Depresi dan Bunuh Diri 1

Versi printer-friendly
Kode Kaset: 
T361A
Nara Sumber: 
Ev. Sindunata Kurniawan, M.K.
Abstrak: 
Bersamaan dengan kemajuan jaman, semakin banyak pula gangguan depresi yang dialami orang masyarakat sekarang. Pemicu awal depresi adalah stres, namun dari stres yang tidak terselesaikan itulah, kemudian mengarah ke depresi dan bisa sampai pada langkah yang terburuk yaitu mengambil tindakan bunuh diri. Bagaimana kita bisa mengetahui gejala depresi ? Agar tidak sampai bunuh diri, apa yang bisa kita lakukan untuk menolong orang yang sedang depresi?
Audio
MP3: 
Play Audio: 
Ringkasan

Gangguan depresi di tingkat internasional maupun nasional kini sudah menjadi suatu wabah bisu atau silent epidemics. Disebut wabah bisu karena telah semakin luas dialami banyak orang di berbagai negara namun dampak kematiannya tidak serta tampak sebagaimana misal wabah flu burung, infeksi virus SARS yang sempat menggegerkan dunia dan Indonesia beberapa tahun belakangan ini.

Saat ini diperkirakan 350 juta orang di seluruh dunia terjangkit depresi yang telah menjadi penyakit tidak menular global serius. Federasi Dunia untuk Kesehatan Mental menentukan Hari Kesehatan Jiwa Sedunia yang jatuh tiap tanggal 10 bulan 10, khusus untuk tahun 2012 bertemakan "Depresi: Suatu Krisis Global". Sementara itu, posisi depresi sebagai beban penyakit global yang pada tahun 1990 menduduki peringkat ke-4, pada tahun 2020 bakal menempati peringkat ke-2 di bawah penyakit jantung koroner.
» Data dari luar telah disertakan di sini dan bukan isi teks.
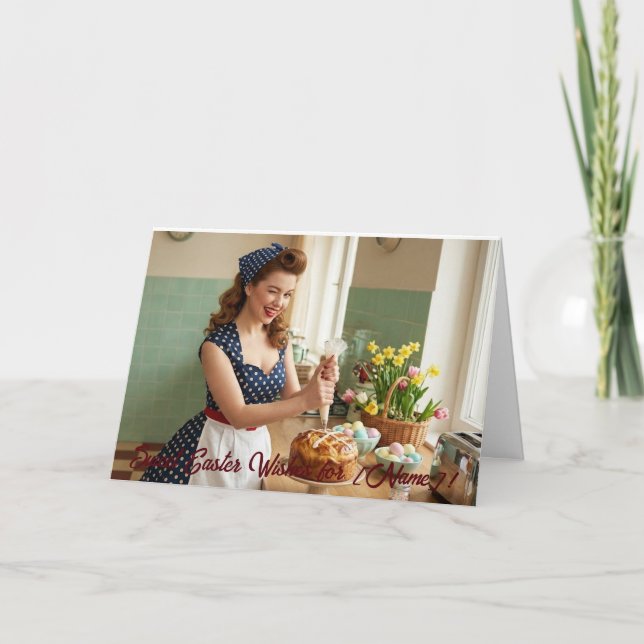 Cartão De Agradecimento Easter Pin-Up Retro Greeting Card (Frente)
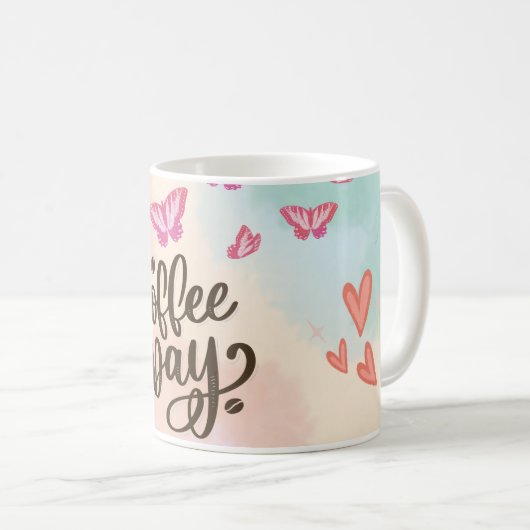 Chic Handlettered Coffee Design Modern Boho "Café" Koffiemok (Voorkant rechts)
Perwujudan depresi di masyarakat dapat kita lihat pada tingginya konflik di masyarakat, agresivitas di jalan raya, kekerasan dalam rumah tangga, kesurupan massal baik di sekolah, di pabrik-pabrik, meluasnya penggunaan narkoba yang merupakan upaya pelarian dari tekanan jiwa, juga maraknya kasus bunuh diri. Semua hal ini menunjukkan adanya depresi baik yang bersifat individual atau perorangan, depresi yang bersifat massal maupun depresi yang bersifat terselubung, makin serius di Indonesia. Makin banyak orang yang cepat tersinggung, mengamuk dan makin agresif atau sebaliknya, menjadi mudah menyerah dan mengambil jalan pintas dengan bunuh diri. Orang yang mengalami gangguan emosional cepat mengambil tindakan kekerasan. Hal itu memicu gangguan kecemasan dan menjadi tanda awal depresi yang dapat menjadi keadaan patologis atau keadaan yang semakin parah jika berlanjut.
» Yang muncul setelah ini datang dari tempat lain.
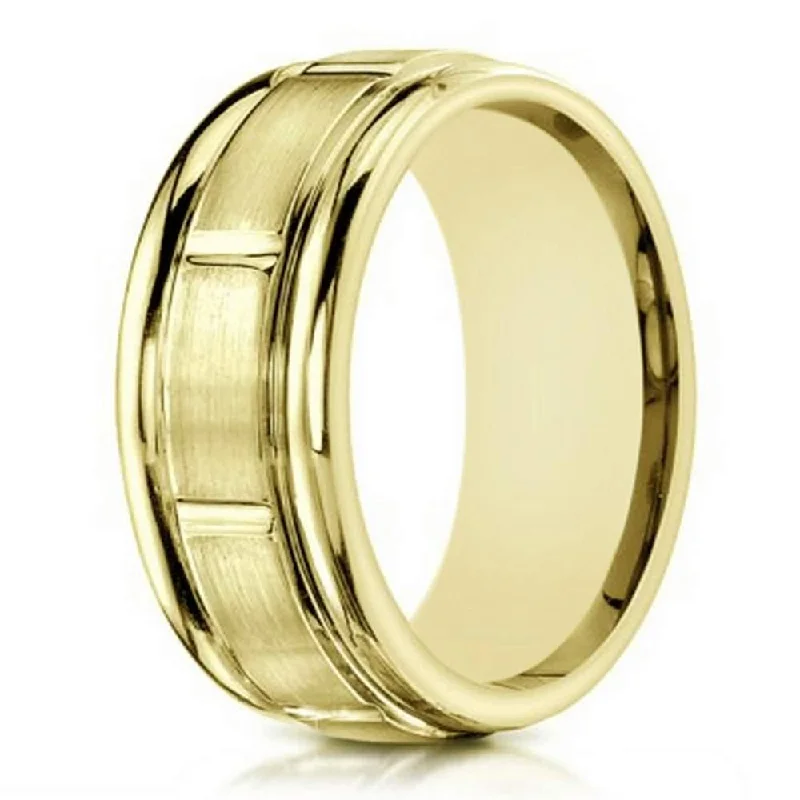 Pulse-wave ring-Men's 6mm Engraved and Satin Finish 14k Yellow Gold Wedding Band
Riset Kesehatan Dasar 2007 menyebutkan di Indonesia prevalensi gangguan mental emosional pada penduduk berusia 15 tahun ke atas 11,6 persen. Paling tinggi di Provinsi Jawa Barat 20 persen, terendah di Kepulauan Riau 5,1 persen.

Gangguan mental emosional itu terutama adalah kecemasan dan depresi. Prevalensi depresi global berkisar 5-10 persen dan angka di Indonesia tak jauh berbeda. Prevalensi 5-10 persen itu sudah besar dan sudah bisa menjadi masalah masyarakat. Jika penduduk Indonesia 220 juta jiwa, maka mencapai 11-22 juta jiwa!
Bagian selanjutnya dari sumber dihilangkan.